3. Il n'appartient pas au juge administratif, en dehors des cas expressément prévus par des dispositions législatives particulières, inapplicables en l'espèce, de se prononcer sur des conclusions autres que celles tendant à l'annulation d'une décision ou à la condamnation d'une personne publique au versement d'une somme d'argent. Dès lors, en lui demandant, d'aménager la perte de validité de son permis de conduire afin qu'il poursuive une vie professionnelle et familiale dans un cadre " serein " ou qu'il préconise des mesures lui permettant de conserver son titre de conduite, M. A saisit le tribunal de conclusions qui ne relèvent pas de l'office du juge administratif, auquel il n'appartient pas de faire œuvre d'administrateur. Par suite sa requête ne peut qu'être rejetée comme manifestement irrecevable en application des dispositions du 4° de l'article R. 222-1 du code de justice administrative.

4. D'autre part, à supposer même que les conclusions de M. A puissent être regardées comme tendant à l'annulation de la décision 48 SI en date du 27 juin 2024 par laquelle le ministre de l'intérieur et des outre-mer a constaté la perte de validité de son permis de conduire pour solde de points nul, l'intéressé se borne à faire valoir les conséquences négatives que cette décision a sur sa vie professionnelle et familiale.
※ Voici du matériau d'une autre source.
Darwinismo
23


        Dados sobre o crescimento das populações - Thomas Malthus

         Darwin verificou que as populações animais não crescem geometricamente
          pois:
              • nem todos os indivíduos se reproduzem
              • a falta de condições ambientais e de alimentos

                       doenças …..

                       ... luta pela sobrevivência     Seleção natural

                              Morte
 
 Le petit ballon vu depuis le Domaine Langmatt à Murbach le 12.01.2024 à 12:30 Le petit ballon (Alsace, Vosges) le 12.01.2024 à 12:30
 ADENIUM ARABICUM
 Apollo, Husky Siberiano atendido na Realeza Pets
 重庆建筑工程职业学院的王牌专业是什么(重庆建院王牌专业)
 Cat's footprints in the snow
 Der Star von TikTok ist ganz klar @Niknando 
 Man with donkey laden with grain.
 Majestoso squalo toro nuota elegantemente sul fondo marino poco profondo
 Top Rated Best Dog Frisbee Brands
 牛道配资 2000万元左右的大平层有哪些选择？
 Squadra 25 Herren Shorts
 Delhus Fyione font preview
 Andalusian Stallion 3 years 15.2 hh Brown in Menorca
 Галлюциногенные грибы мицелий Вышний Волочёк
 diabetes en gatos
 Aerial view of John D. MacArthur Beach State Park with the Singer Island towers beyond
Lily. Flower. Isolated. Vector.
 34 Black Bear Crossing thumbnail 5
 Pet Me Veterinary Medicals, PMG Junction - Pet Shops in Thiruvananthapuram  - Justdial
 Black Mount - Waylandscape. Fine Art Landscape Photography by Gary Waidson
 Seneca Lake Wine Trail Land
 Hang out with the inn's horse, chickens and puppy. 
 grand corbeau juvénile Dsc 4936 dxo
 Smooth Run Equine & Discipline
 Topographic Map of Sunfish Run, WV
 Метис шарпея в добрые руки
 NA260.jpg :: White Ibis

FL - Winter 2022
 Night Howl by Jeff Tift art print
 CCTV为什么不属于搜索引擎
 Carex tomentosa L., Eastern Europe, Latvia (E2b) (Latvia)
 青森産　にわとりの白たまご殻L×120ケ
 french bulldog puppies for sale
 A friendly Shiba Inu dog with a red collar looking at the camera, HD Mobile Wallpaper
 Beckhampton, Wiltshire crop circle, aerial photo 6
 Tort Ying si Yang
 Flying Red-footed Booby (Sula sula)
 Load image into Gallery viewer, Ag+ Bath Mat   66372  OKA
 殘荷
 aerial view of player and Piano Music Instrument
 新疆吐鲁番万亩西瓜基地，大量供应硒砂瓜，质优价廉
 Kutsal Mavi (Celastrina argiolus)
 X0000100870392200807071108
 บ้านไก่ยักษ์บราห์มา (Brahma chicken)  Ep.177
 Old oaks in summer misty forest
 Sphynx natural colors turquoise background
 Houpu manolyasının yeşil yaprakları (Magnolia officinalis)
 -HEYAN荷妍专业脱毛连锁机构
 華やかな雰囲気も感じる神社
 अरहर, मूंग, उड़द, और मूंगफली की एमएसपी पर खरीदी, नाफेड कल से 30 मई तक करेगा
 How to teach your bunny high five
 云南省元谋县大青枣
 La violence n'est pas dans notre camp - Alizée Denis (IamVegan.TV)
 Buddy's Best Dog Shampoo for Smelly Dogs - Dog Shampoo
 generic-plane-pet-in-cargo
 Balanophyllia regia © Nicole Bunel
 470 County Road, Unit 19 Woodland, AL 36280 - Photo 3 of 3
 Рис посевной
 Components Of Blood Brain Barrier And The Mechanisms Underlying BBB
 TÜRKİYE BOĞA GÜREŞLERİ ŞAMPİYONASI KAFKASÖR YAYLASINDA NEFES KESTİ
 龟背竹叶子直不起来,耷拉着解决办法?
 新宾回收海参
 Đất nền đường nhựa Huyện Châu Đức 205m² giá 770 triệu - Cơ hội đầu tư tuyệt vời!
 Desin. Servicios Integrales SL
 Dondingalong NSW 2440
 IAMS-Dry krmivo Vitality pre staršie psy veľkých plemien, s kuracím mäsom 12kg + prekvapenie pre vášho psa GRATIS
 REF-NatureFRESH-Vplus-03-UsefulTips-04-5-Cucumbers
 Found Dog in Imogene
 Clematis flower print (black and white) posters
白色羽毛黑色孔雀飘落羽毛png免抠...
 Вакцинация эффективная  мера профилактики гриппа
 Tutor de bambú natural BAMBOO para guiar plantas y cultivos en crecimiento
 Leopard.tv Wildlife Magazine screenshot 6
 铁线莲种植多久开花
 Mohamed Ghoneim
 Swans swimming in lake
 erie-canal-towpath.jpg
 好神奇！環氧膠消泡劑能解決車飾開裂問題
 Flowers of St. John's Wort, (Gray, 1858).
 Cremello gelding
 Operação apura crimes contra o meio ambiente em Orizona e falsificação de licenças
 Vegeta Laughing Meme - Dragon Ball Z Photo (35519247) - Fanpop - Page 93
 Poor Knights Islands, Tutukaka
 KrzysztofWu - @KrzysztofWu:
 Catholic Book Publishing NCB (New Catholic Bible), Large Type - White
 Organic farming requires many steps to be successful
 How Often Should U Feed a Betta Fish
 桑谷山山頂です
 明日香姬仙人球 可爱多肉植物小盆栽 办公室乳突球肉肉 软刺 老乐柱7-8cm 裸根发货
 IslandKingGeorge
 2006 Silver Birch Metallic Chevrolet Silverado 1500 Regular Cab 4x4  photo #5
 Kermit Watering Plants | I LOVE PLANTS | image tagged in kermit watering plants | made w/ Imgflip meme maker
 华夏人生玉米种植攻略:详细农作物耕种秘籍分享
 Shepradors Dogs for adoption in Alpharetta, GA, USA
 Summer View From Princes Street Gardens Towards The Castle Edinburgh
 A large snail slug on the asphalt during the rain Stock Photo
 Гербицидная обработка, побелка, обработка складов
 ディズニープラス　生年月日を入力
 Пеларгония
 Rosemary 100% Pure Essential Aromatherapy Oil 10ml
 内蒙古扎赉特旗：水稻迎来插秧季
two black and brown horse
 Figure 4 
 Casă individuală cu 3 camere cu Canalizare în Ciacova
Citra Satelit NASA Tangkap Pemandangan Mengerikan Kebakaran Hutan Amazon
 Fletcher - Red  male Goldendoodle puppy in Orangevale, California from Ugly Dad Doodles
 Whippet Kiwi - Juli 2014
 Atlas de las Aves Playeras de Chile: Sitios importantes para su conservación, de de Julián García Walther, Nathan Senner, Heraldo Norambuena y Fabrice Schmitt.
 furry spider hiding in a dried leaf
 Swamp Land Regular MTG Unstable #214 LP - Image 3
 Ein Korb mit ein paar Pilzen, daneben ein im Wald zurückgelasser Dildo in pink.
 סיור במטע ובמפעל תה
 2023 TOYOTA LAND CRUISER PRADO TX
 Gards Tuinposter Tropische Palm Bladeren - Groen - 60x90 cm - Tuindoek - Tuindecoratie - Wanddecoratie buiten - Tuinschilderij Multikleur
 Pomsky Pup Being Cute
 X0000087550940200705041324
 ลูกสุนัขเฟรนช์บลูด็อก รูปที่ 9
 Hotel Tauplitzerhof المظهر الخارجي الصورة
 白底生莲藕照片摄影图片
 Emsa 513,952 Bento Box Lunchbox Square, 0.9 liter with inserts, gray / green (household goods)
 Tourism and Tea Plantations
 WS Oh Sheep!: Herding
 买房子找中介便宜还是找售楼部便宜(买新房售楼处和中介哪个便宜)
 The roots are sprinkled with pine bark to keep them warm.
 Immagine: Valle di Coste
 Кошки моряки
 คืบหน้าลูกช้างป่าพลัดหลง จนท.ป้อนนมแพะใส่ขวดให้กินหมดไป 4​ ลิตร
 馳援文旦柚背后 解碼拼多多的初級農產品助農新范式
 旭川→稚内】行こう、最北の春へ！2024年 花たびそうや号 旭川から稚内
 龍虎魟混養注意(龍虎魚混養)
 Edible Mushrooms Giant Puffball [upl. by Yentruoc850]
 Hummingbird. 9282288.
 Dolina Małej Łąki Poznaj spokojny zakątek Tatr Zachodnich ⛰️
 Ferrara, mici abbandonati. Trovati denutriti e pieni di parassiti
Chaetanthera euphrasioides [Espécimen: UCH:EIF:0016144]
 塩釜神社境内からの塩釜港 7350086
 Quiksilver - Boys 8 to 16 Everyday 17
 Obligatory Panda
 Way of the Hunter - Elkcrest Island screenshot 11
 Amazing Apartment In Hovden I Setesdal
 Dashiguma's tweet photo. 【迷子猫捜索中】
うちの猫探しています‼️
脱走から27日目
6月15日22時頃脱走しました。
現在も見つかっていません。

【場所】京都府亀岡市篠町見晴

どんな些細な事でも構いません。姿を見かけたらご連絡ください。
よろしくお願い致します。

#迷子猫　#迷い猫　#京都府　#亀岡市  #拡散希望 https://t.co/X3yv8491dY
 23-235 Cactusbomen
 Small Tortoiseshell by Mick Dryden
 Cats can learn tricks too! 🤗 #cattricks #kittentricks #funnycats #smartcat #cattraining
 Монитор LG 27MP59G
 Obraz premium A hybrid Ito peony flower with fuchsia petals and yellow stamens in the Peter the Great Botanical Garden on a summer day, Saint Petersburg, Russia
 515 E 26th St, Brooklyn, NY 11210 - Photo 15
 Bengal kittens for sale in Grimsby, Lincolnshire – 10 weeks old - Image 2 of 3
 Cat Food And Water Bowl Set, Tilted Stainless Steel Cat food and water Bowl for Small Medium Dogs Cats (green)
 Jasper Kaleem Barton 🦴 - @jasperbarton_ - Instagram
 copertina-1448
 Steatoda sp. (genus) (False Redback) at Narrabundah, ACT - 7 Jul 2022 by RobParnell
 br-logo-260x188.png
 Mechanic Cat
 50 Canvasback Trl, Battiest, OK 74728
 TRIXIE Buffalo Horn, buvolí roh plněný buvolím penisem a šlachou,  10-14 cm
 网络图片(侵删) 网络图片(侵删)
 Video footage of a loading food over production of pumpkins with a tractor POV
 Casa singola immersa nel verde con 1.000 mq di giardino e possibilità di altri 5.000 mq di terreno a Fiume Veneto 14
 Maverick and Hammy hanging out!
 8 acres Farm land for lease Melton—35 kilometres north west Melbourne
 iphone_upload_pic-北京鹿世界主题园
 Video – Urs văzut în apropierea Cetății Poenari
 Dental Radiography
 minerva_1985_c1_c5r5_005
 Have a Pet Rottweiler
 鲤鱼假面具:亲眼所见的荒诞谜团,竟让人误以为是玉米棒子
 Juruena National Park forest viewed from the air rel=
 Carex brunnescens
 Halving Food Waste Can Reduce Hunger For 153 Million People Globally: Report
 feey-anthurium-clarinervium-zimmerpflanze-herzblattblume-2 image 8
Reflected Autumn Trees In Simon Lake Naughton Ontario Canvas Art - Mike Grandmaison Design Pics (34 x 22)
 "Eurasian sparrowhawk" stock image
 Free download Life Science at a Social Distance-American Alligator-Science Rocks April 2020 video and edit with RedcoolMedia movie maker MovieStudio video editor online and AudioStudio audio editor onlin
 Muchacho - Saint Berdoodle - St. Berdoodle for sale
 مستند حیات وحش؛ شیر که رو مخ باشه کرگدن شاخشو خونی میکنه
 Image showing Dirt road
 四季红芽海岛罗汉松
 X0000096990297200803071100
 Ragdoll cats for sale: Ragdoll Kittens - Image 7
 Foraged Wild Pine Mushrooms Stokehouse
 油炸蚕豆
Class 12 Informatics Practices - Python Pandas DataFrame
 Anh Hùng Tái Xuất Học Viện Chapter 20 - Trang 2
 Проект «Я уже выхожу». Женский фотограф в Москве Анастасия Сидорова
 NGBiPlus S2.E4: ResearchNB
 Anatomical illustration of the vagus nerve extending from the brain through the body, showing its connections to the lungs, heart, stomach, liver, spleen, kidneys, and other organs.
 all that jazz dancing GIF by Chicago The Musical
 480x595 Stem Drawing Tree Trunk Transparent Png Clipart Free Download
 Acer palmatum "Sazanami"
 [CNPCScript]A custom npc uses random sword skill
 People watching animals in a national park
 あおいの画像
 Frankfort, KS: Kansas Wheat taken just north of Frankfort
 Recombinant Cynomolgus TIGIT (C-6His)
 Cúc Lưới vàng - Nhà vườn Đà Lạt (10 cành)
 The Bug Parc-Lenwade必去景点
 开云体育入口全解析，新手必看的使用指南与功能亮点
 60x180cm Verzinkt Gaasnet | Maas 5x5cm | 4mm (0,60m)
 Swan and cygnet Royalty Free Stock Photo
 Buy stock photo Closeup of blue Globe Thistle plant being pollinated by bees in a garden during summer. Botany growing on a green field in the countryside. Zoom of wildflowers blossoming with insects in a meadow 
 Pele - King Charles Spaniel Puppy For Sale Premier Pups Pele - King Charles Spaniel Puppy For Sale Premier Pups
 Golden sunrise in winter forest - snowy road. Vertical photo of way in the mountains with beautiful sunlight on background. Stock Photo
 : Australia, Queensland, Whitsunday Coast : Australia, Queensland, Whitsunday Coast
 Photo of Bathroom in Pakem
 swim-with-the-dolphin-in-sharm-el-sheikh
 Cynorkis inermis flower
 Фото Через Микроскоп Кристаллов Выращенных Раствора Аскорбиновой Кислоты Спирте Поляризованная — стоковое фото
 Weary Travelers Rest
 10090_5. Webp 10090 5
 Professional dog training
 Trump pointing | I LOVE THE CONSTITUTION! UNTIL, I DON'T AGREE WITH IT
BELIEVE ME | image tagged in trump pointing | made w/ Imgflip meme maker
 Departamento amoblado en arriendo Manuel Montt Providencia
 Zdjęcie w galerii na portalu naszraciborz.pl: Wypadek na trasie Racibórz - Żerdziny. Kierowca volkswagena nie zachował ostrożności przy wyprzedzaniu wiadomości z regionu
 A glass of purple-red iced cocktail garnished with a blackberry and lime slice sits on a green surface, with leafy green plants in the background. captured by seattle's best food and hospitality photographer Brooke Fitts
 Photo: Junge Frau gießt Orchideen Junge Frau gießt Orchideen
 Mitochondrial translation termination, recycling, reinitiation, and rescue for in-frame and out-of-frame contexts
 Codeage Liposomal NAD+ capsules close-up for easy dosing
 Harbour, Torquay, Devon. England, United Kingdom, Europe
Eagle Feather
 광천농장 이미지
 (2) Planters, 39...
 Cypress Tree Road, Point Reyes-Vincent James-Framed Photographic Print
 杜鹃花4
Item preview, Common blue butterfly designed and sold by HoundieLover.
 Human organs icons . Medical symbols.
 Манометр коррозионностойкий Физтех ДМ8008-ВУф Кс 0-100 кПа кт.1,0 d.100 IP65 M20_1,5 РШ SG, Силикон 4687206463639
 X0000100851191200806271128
Toutefois, de telles circonstances sont sans influence sur la légalité de cette décision. Ainsi, à l'appui de ses conclusions aux fins d'annulation, le requérant ne présente que des moyens inopérants. Par suite, sa requête ne peut, en tout état de cause, qu'être rejetée en application des dispositions du 7° de l'article R. 222-1 du code de justice administrative.

O R D O N N E :

Article 1er : La requête de M. A est rejetée.

Article 2 : La présente ordonnance sera notifiée à M. B A.

Fait à Versailles, le 5 novembre 2024.

Le premier vice-président,

Signé

R. Féral

La République mande et ordonne au ministre de l'intérieur en ce qui le concerne ou à tous commissaires de justice à ce requis en ce qui concerne les voies de droit commun, contre les parties privées, de pourvoir à l'exécution de la présente décision.